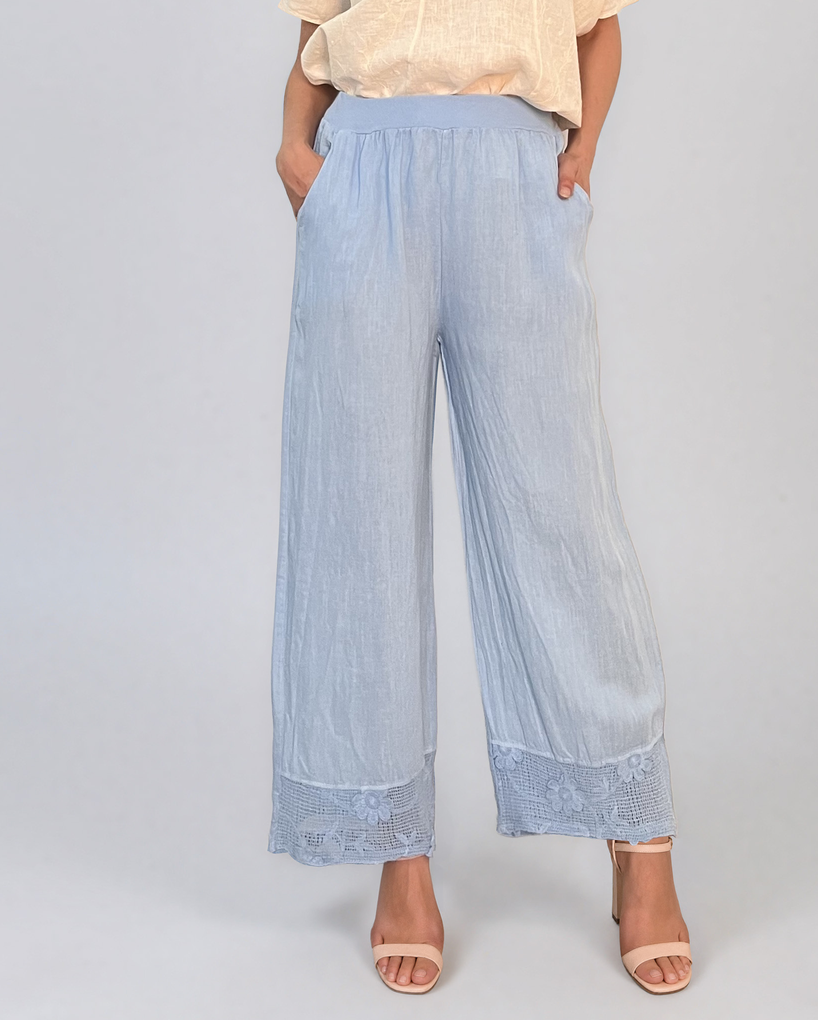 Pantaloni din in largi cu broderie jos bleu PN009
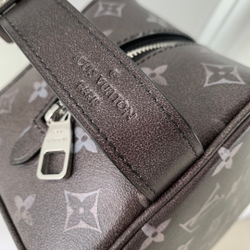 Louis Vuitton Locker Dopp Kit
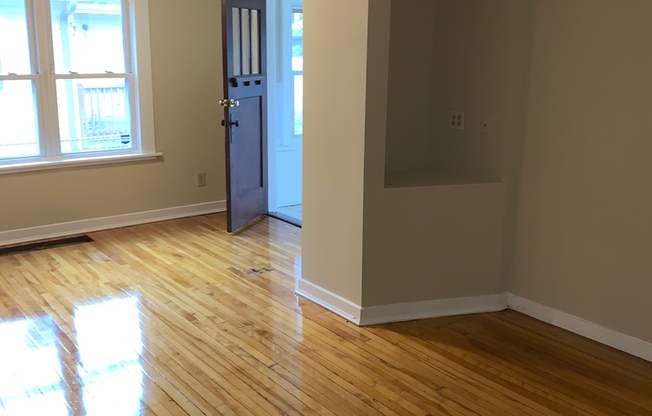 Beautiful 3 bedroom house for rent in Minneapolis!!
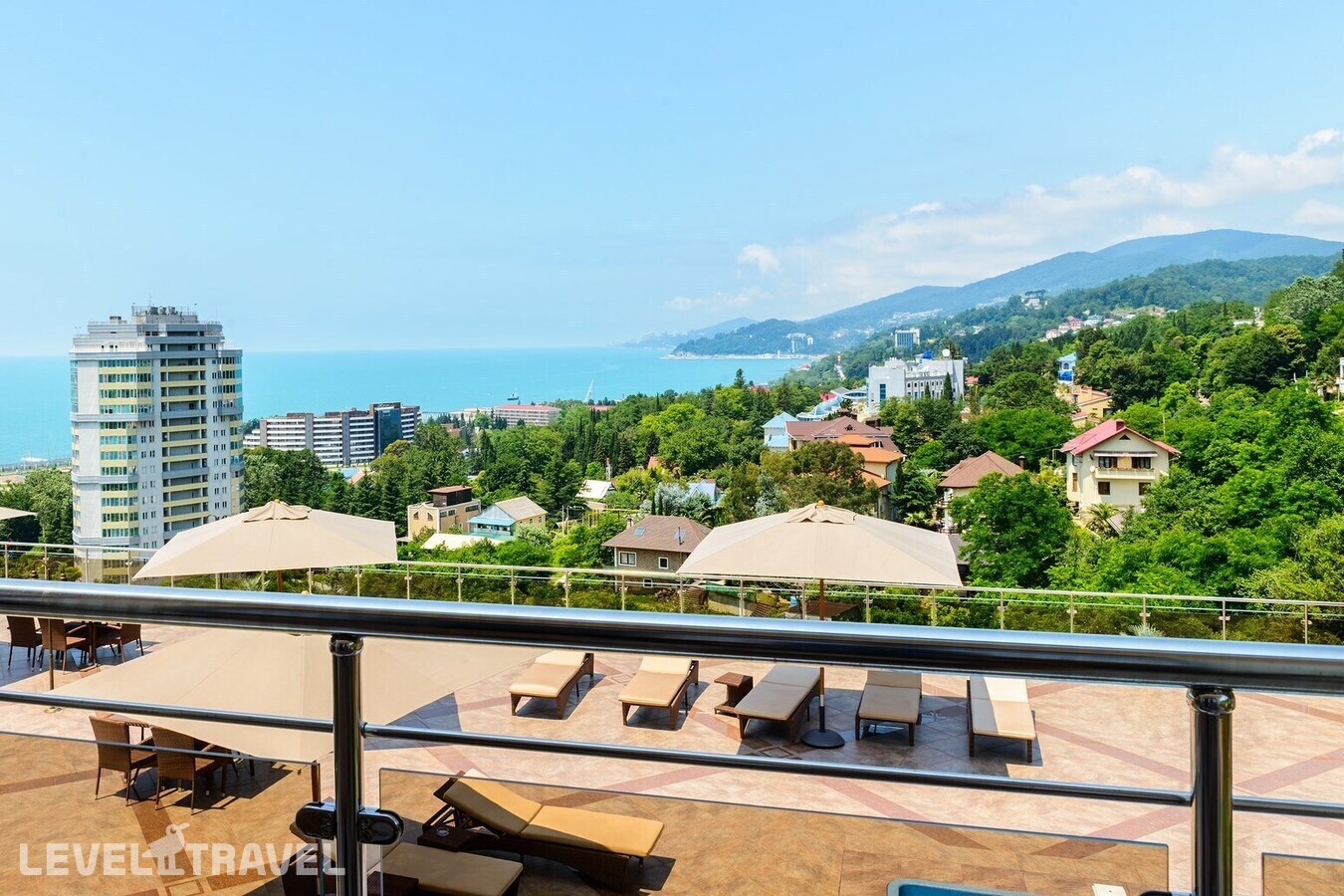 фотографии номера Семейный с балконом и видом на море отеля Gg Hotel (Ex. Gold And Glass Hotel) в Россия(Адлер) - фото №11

_Work to be completed_: Give back the material word for word, leaving out its pictures.

_Reply_:
 Pantaloni din in largi cu broderie jos bleu PN009
 Louis Vuitton Locker Dopp Kit
 Beautiful 3 bedroom house for rent in Minneapolis!!
 фотографии номера Семейный с балконом и видом на море отеля Gg Hotel (Ex. Gold And Glass Hotel) в Россия(Адлер) - фото №11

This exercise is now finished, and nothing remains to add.